Work to be completed
Please transcribe only the lines that run from the line bearing "2013 GMC Savana" to the end of the entries, keeping both end lines. Skip the pictures.

***** Supplied material

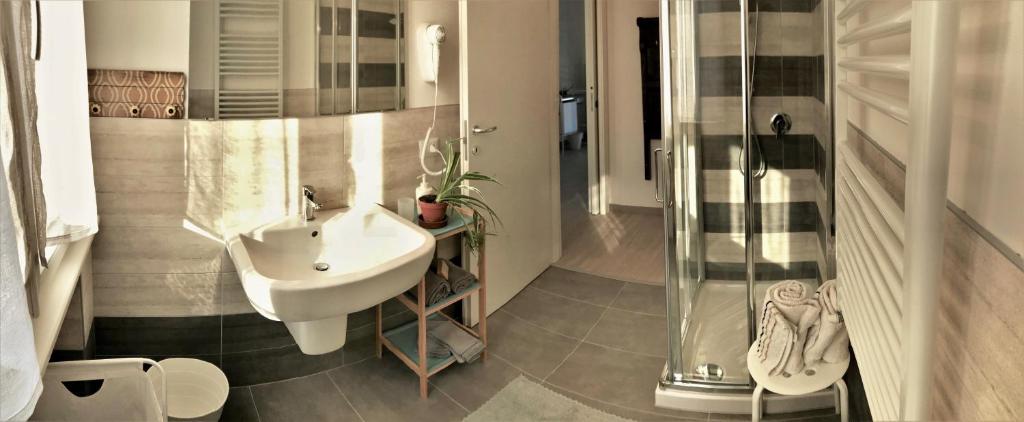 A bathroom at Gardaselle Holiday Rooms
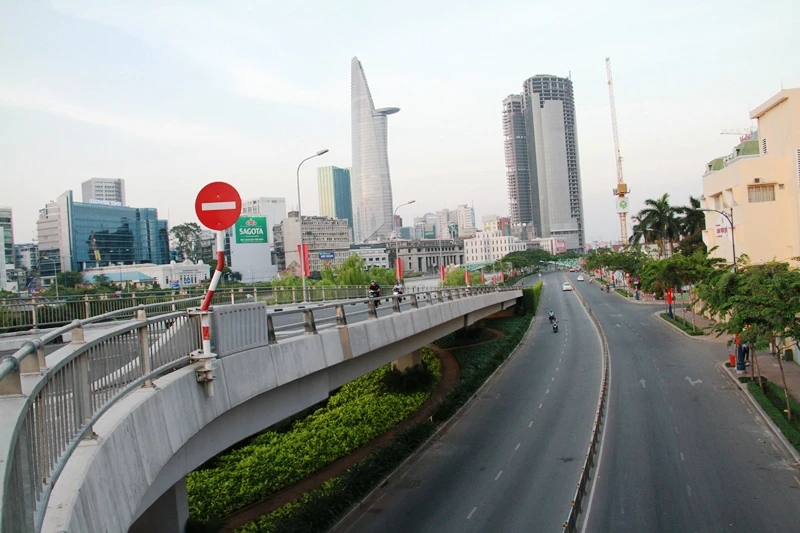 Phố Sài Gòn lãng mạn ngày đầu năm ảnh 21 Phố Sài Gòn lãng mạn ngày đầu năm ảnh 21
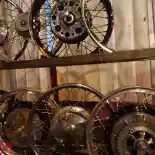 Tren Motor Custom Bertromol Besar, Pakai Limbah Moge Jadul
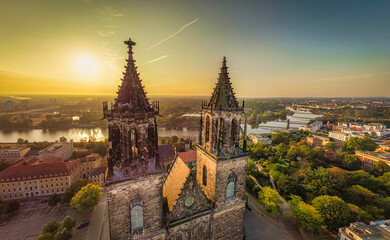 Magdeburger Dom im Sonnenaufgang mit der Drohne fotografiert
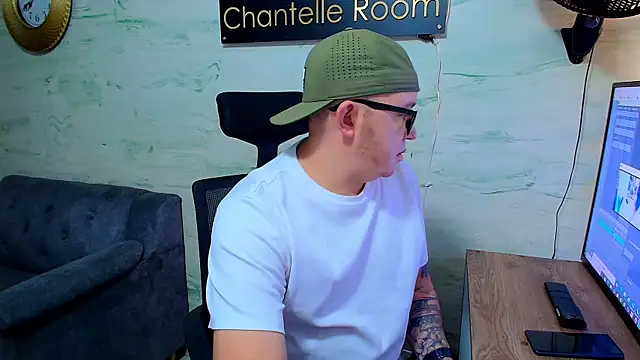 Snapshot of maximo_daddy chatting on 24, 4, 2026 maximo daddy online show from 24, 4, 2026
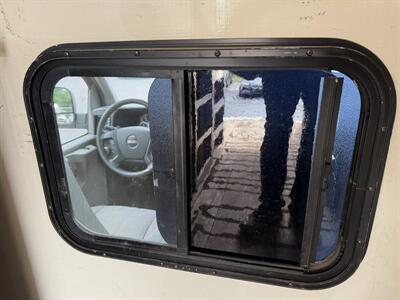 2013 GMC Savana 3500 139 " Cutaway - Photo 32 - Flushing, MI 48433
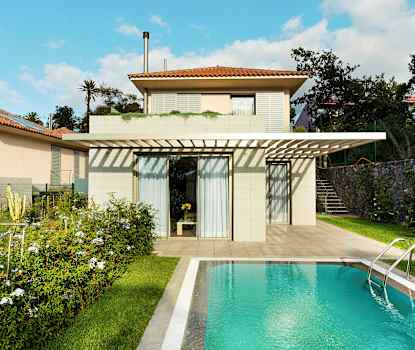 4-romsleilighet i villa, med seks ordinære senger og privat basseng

**********

Solution for this task
 2013 GMC Savana 3500 139 " Cutaway - Photo 32 - Flushing, MI 48433
 4-romsleilighet i villa, med seks ordinære senger og privat basseng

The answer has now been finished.